So, Episode III. I get the sense that this is the prequel film that people like the most. It does have a great many excellent moments – particularly after the half-way point, where Anakin becomes Darth Vader. I like almost everything in the second half of this film.
As with the review for the previous film, in this review I’m going to have to go through the events of the film in mostly-chronological order. (I would prefer to split the review by the different aspects of filmmaking, but that’s not really possible with this film.) A lot happens in this film, and a lot of the scenes we see build very rapidly on previous scenes.
The opening sequence is excellent. Such a complex, low-altitude space battle is not something we’ve seen before in this series. And George Lucas putting it over Coruscant leads to many interesting questions – if anything of sufficient size falls to the ground, it will cause A LOT of destruction – there’s nothing but city down there – anything that falls WILL kill a lot of people. Since Palpatine is ultimately orchestrating this entire war, and could stop it at any moment, it shows how little regard he has for the people of the soon-to-be empire.
The buzz droids are also not something we’ve seen before. They are an interesting new weapon, and an example of good world-building. In a universe with droids as clever and common as R2-D2, buzz droids would definitely exist.
We even get some good character moments in the opening sequence. Anakin’s determination to save Obi-wan from the buzz droids makes the ending to this film all the more tragic.

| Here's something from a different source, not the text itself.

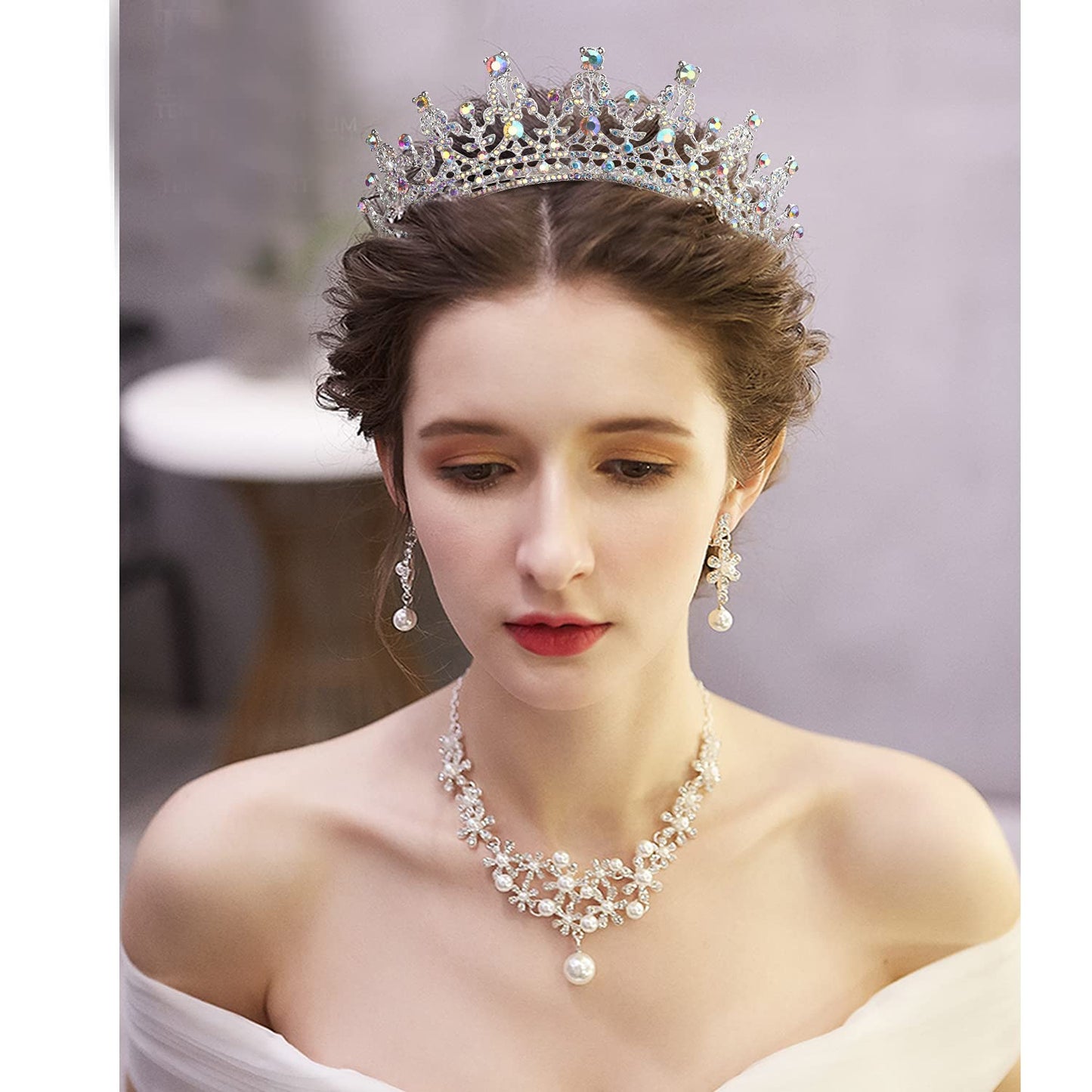 COCIDE Silver Tiara and Crown for Women Birthday Tiara for Girls AB Crystal Queen Crown Rhinestones Hair Accessories for Bride Party Bridesmaids Wedding Halloween Costume Cosplay Gift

But then despite Anakin saving Obi-wan, Obi-wan still berates Anakin – as he did throughout the last film – that Grievous’ ship’s shields are still up.
Ian McDiarmid and Christopher Lee are brilliant as always. If this film were released today, I’m sure the way McDiarmid plays Palpatine would be described as over-the-top, cartoonish – or even slightly flamboyant. There is a trend at the moment for gritty villains. But McDiarmid playing the character in this way is what makes it enjoyable – the character isn’t supposed to be some pretentious mIrRoR tO tHe AuDiEnCe – he’s supposed to be the embodiment of pure evil – someone who is devious and cunning – and McDiarmid plays that perfectly.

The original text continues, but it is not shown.